Pular para o conteúdo principal

Um título dá asas, mas melhor manter os pés no chão

Fonte: Divulgação / FIVB

Sob o signo da gestação, as bicampeãs olímpicas estrearam na temporada. A primeira competição da seleção feminina de vôlei no ano foi vitoriosa, mas não deve o torcedor se ufanar. Principalmente por um motivo: o torneio de Montreux não deu parâmetros de avaliação. Os otimistas que me desculpem, mas devemos aguardar o Grand Prix para fazer uma projeção mais segura.

A finalista Alemanha está bem longe de ser considerada uma força do voleibol mundial; foi nona colocada no último Mundial e rebaixada para o Grupo 2 do Grand Prix em 2016. A seleção chinesa participou do torneio na Suíça dirigida pelo assistente de Lang Ping e com apenas três campeãs olímpicas, a oposta Gong, que foi reserva no Rio-2016, a líbero Lin e a ponteira Liu. E a quarta colocada Argentina não chegou sequer às finais do Grupo 2 do GP ano passado.
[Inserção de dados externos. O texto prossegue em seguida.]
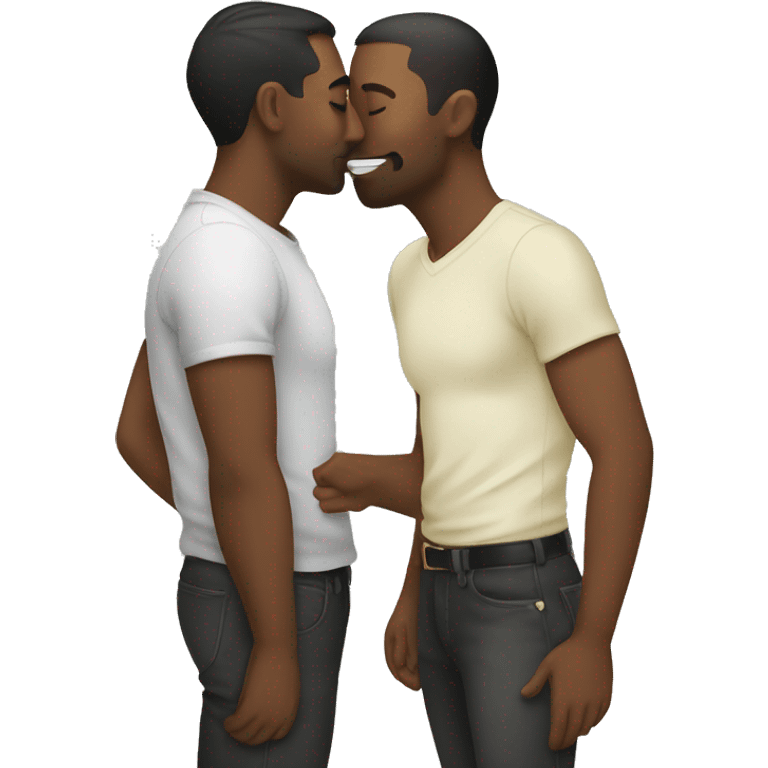 Two gay guys kissing  emoji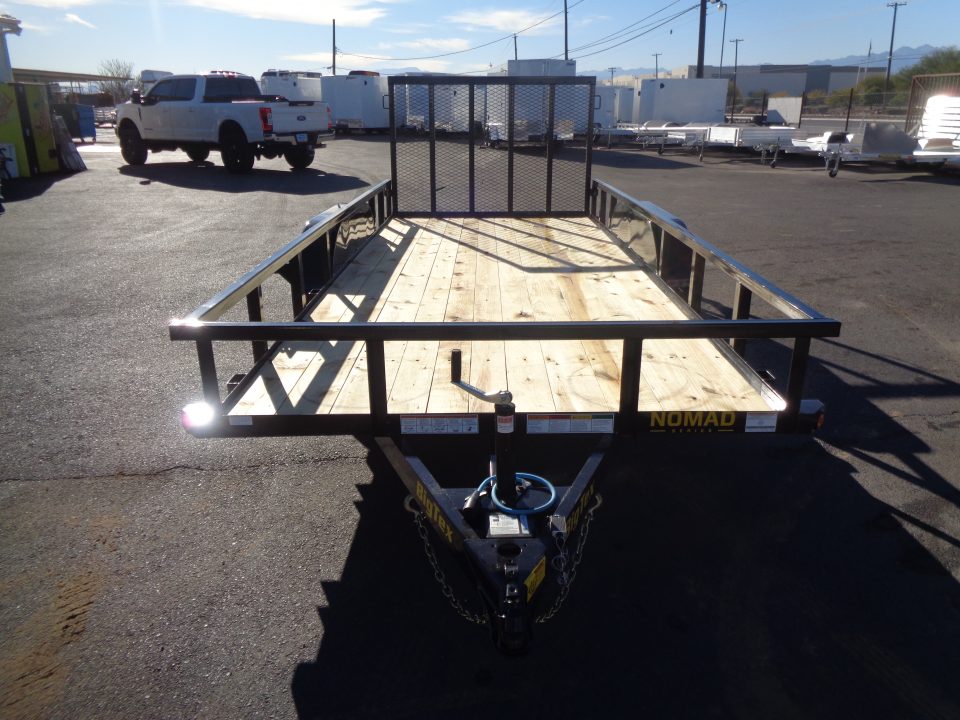 New 2027 Big Tex Trailer * 60PI-16 * 16Ft Tandem Axle Utility Trailer w/ Ramp Gate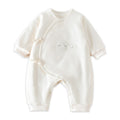 Babibele baby clothes autumn winter new arrival one-piece quilted clothes infant clothes long sleeves side-breasted hairy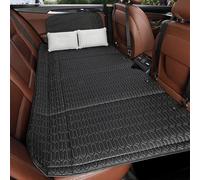 R-timer Materasso Auto Posteriore per Audi Q8 e-Tron Sportback SUV 2022-, Design Pieghevole Non Gonfiabile Letto Viaggio Macchina Sedile Campeggio Carico Elevato,B Black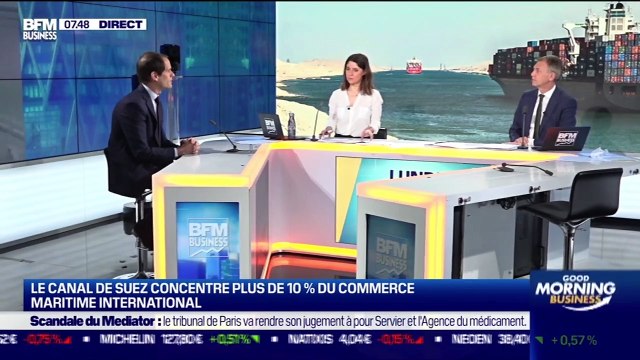 Edouard Louis-Dreyfus (Louis Dreyfus Armateurs ) : Canal de Suez, le porte-conteneurs a tourné mais ne flotte pas encore - 29/03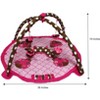 Bacati - Baby Activity Gyms & Playmats (Ladybugs Pink/Chocolate) - 3 of 4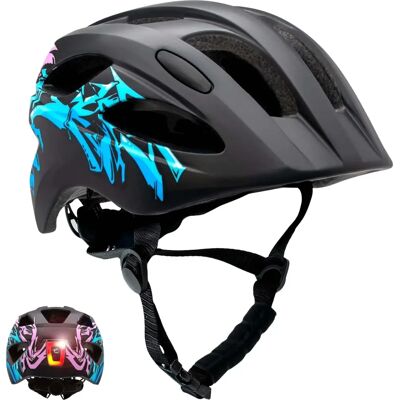 Crazy Safety Kinderhelm Blau Graffiti - EN1078 Zertifiziert Crazy Safety Kinderhelm Blau Graffiti - EN1078 Zertifiziert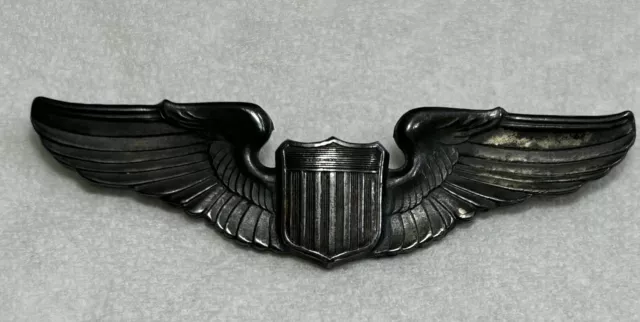 WW2 US Army Air Force Pilot Wings 3”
A nova formação é forte no ataque, porém frágil na recepção. O time fica extremamente poderoso com Natália, Rosamaria e Tandara e com este trio não precisa sempre depender de a bola chegar perfeita às mãos da levantadora para decidir. No entanto, dois efeitos colaterais são próprios de equipes que atuam desta forma, como pode atestar a seleção russa e outras com estilo semelhante. Por mais que haja eficiência dessas atacantes, num jogo mais longo e contra equipes bem estruturadas no sistema defensivo – bloqueio e defesa – o rendimento das atacantes de força cai progressivamente; e as atacantes de meio são mais bem marcadas, pois são acionadas eventualmente.
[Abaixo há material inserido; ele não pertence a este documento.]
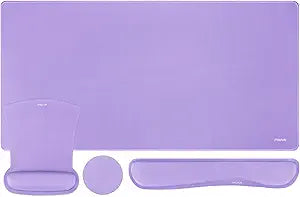 MOSISO Keyboard Mouse Pad Set, Large Gaming Mousepad&Keyboard Wrist Rest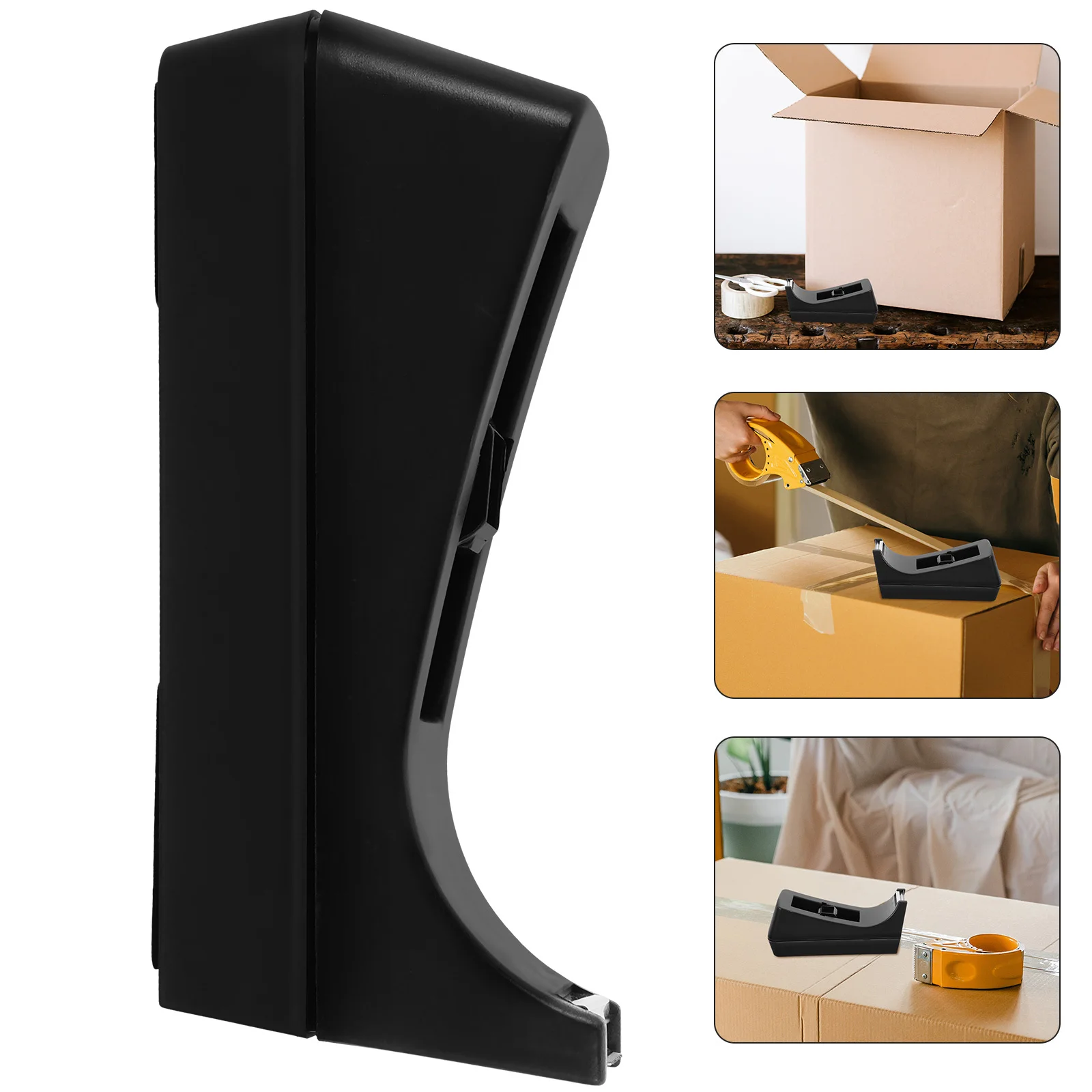 

Tape Dispenser Smooth Edge Cutter For Office School Desk Use Portable Decorative Tape Stand Holder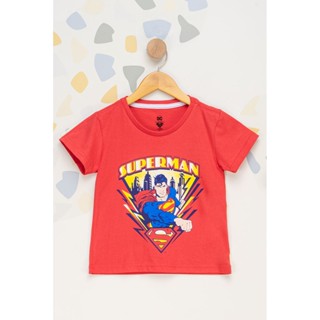 Camiseta Infantil Masculina Super Homem - Vermelho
Este último ponto pode ser o calcanhar de Aquiles de um time que nos últimos anos têm tido as centrais como ponto de apoio e referência para a tática ofensiva. Thaísa e Fabiana nunca eram abandonadas pelas bloqueadoras, o que facilitava a atuação de ponteiras e oposta. Isso graças a uma eficaz linha de passe que dava garantia de ritmo de jogo e ampliava as possibilidades ofensivas.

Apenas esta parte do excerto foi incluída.